#### [Assignment]
Report each line of the material below where the word "Silverado" can be found.

[Supplied data — start]

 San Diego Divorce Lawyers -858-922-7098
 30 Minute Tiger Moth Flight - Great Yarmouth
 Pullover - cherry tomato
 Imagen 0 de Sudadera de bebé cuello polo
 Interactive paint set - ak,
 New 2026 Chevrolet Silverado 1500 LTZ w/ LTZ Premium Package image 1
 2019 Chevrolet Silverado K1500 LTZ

[Supplied data — finish]
[Supplied data — start]

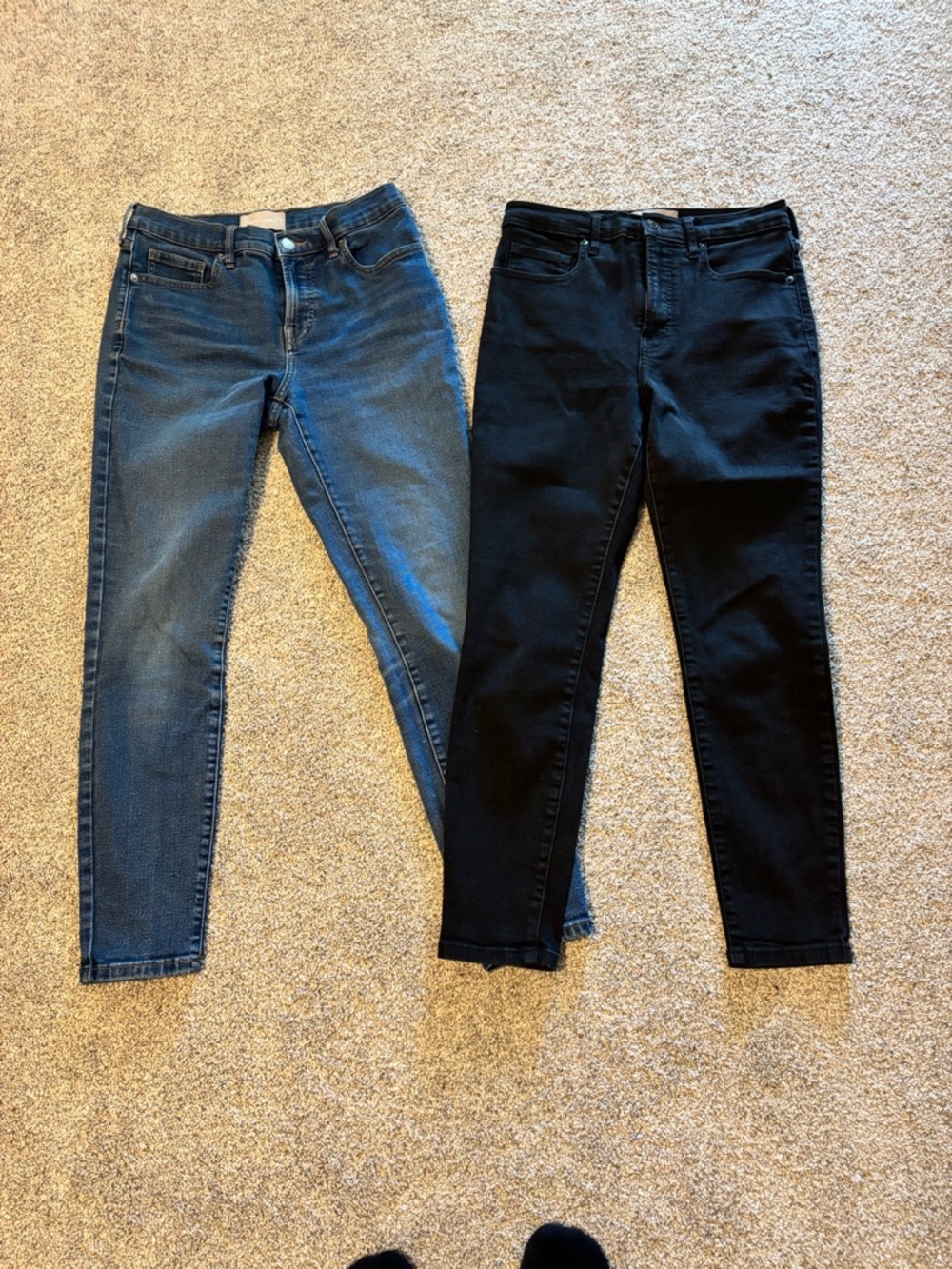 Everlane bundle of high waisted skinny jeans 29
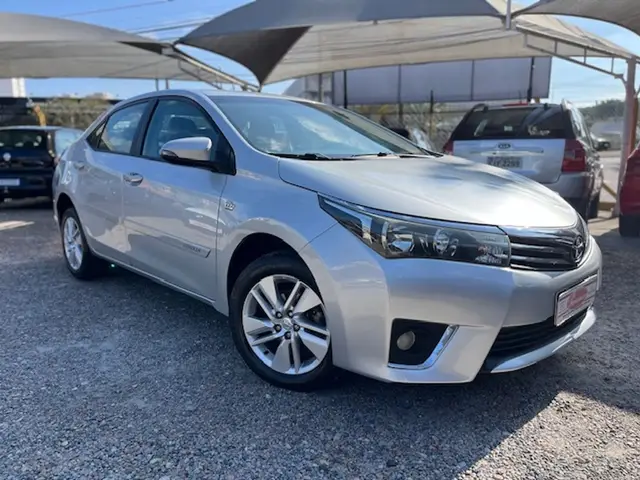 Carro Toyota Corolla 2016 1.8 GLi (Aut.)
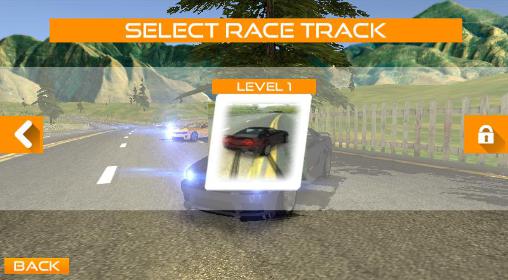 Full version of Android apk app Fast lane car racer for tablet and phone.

[Supplied data — finish]
[Supplied data — start]

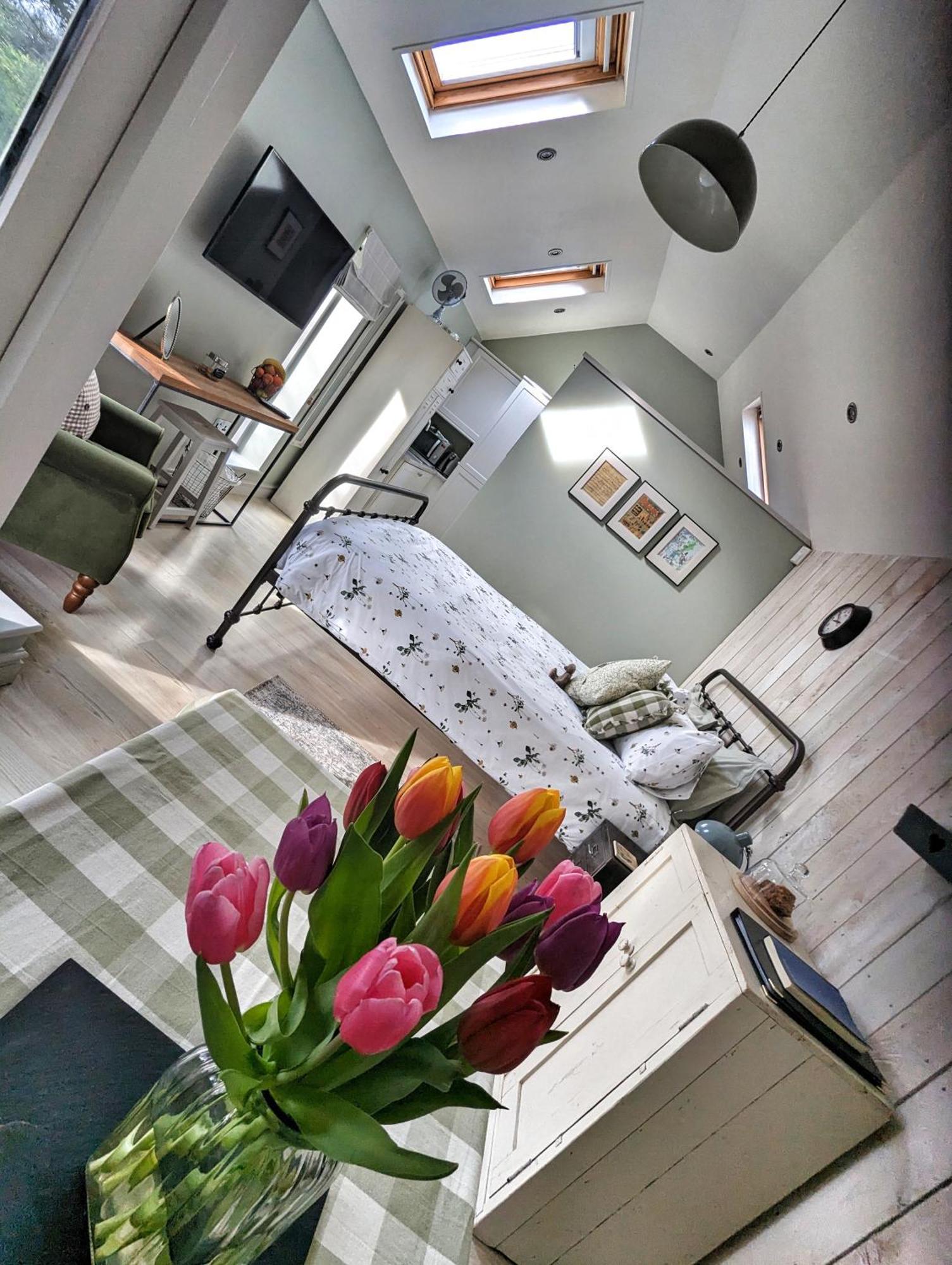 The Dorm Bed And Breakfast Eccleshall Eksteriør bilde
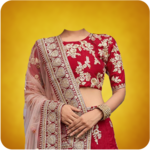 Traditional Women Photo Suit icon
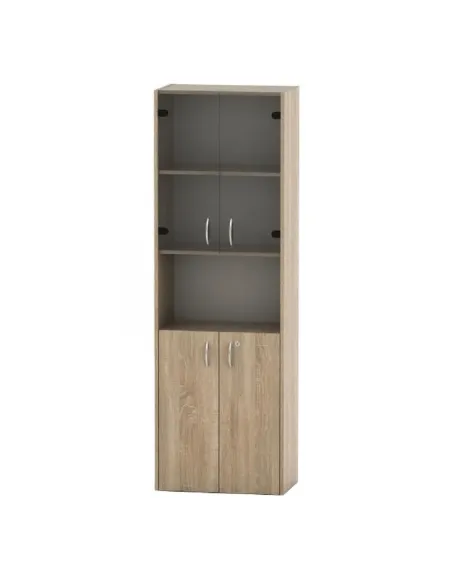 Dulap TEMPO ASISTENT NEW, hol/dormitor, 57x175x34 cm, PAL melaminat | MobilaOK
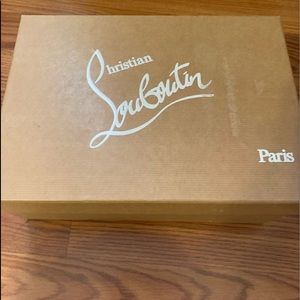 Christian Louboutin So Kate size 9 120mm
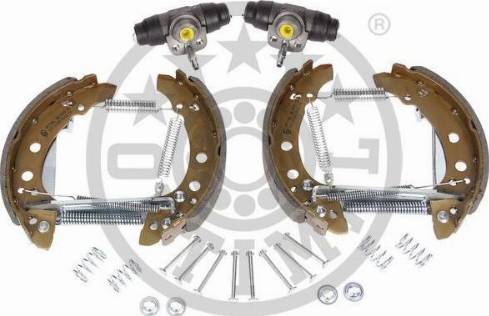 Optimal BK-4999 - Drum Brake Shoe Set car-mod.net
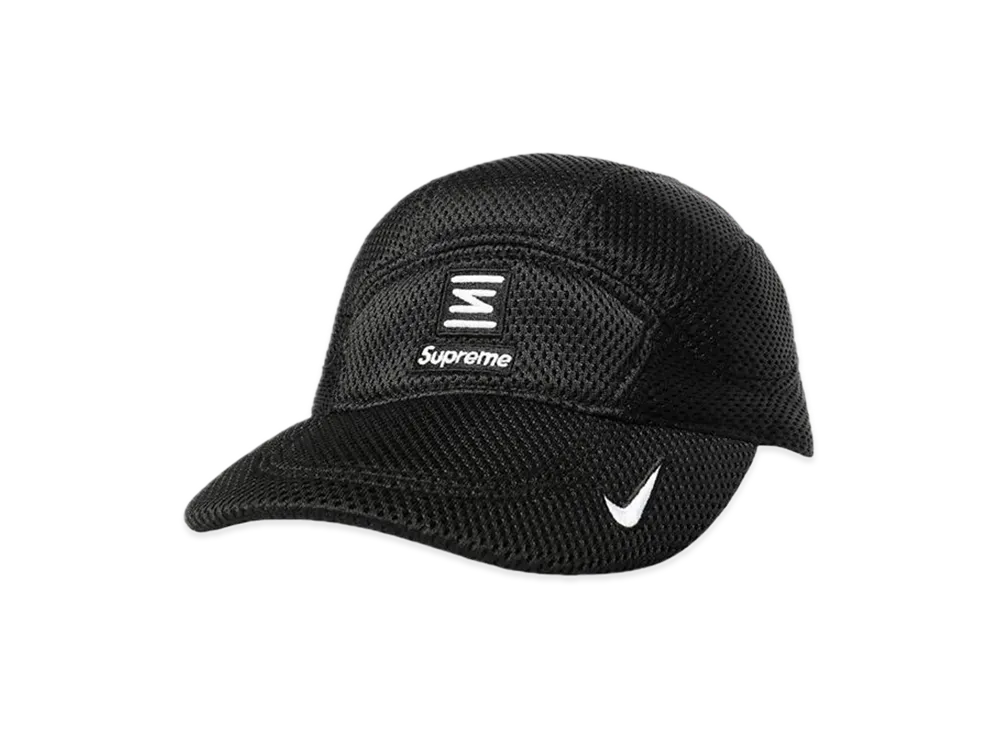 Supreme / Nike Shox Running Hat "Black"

[Supplied data — finish]

#### [Exercise output]
 New 2026 Chevrolet Silverado 1500 LTZ w/ LTZ Premium Package image 1
 2019 Chevrolet Silverado K1500 LTZ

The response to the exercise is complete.